Items listed in a dataset
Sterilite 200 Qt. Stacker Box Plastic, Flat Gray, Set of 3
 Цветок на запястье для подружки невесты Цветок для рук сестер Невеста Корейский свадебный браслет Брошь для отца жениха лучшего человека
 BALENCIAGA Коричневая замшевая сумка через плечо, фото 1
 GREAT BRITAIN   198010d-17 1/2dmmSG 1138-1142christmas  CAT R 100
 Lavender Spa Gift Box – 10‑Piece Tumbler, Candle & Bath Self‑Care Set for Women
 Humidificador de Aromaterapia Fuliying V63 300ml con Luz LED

### TASK DETAILS
In the reply, include exactly the lines from the beginning of the entries above through the line holding "198010d-17 1/2dmmSG 1138-1142christmas", and nothing besides.

### OUTPUT BELOW
Sterilite 200 Qt. Stacker Box Plastic, Flat Gray, Set of 3
 Цветок на запястье для подружки невесты Цветок для рук сестер Невеста Корейский свадебный браслет Брошь для отца жениха лучшего человека
 BALENCIAGA Коричневая замшевая сумка через плечо, фото 1
 GREAT BRITAIN   198010d-17 1/2dmmSG 1138-1142christmas  CAT R 100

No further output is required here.